= DATA EXCERPT =
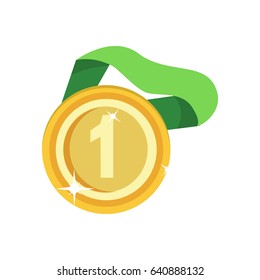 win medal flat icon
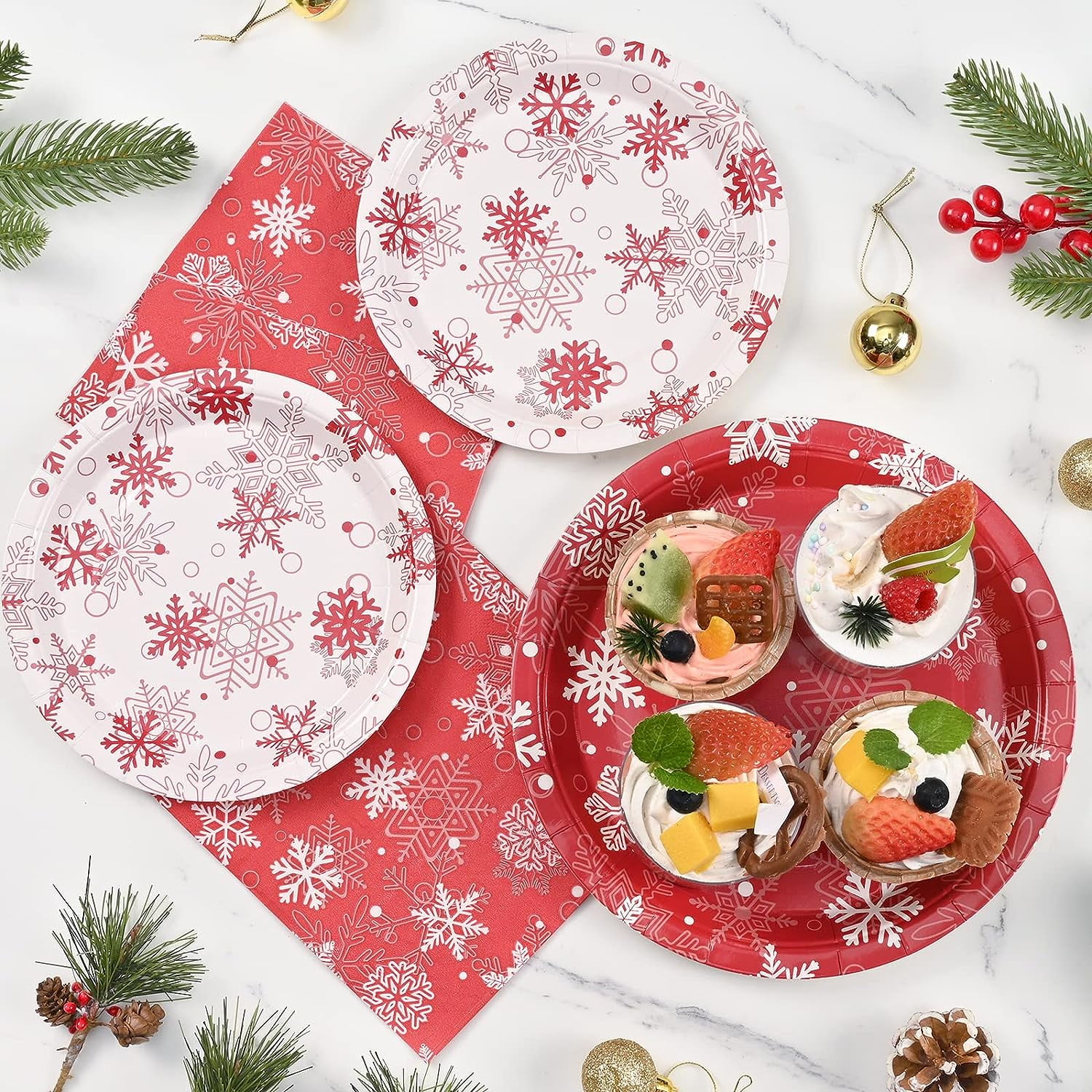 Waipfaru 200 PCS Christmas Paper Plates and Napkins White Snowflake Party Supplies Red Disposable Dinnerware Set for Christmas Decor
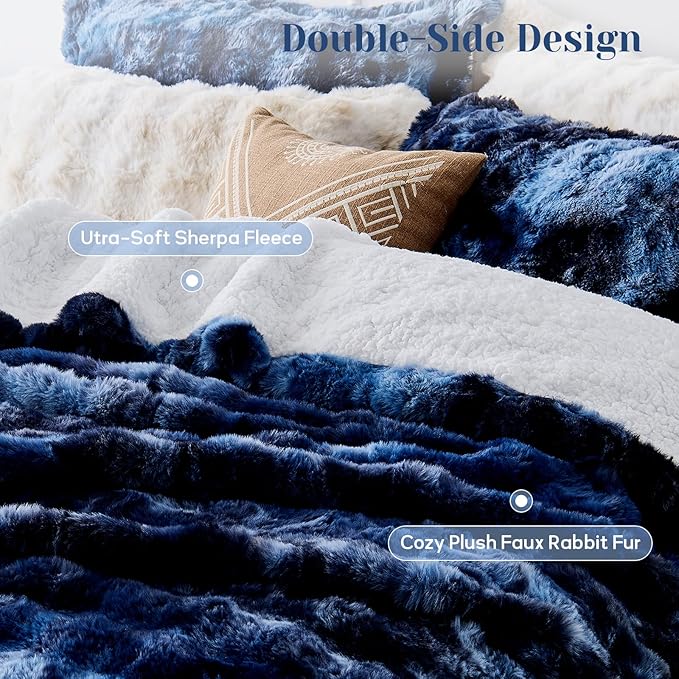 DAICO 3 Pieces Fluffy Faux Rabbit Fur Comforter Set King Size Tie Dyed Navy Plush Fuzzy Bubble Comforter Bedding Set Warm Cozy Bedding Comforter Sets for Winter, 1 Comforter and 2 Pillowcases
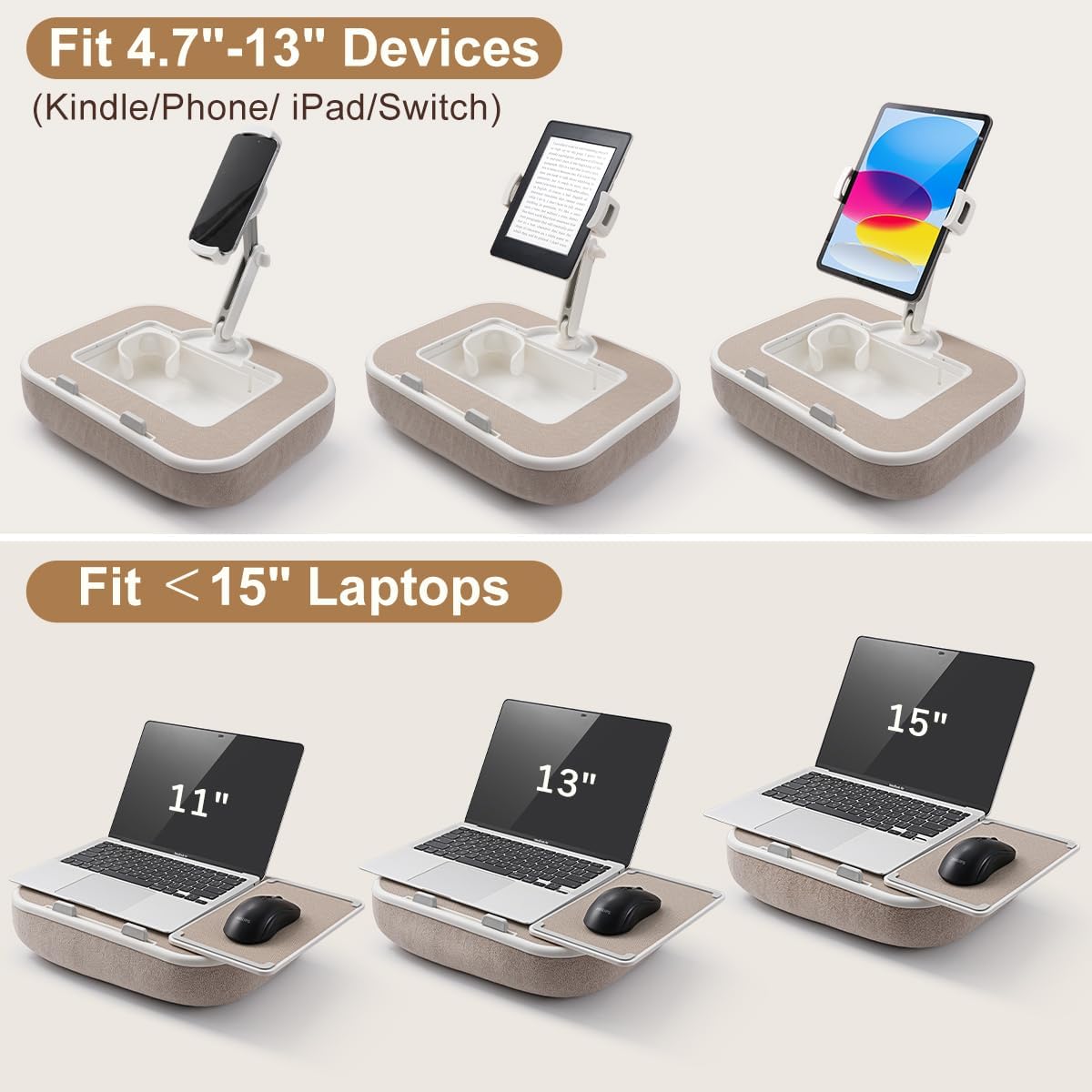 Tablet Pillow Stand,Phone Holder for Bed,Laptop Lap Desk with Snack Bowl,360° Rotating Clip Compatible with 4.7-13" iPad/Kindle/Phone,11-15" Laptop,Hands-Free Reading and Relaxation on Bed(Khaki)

= EXERCISE =
Without the pictures, write out the whole listing exactly as it appears.

= TASK RESULT =
 win medal flat icon
 Waipfaru 200 PCS Christmas Paper Plates and Napkins White Snowflake Party Supplies Red Disposable Dinnerware Set for Christmas Decor
 DAICO 3 Pieces Fluffy Faux Rabbit Fur Comforter Set King Size Tie Dyed Navy Plush Fuzzy Bubble Comforter Bedding Set Warm Cozy Bedding Comforter Sets for Winter, 1 Comforter and 2 Pillowcases
 Tablet Pillow Stand,Phone Holder for Bed,Laptop Lap Desk with Snack Bowl,360° Rotating Clip Compatible with 4.7-13" iPad/Kindle/Phone,11-15" Laptop,Hands-Free Reading and Relaxation on Bed(Khaki)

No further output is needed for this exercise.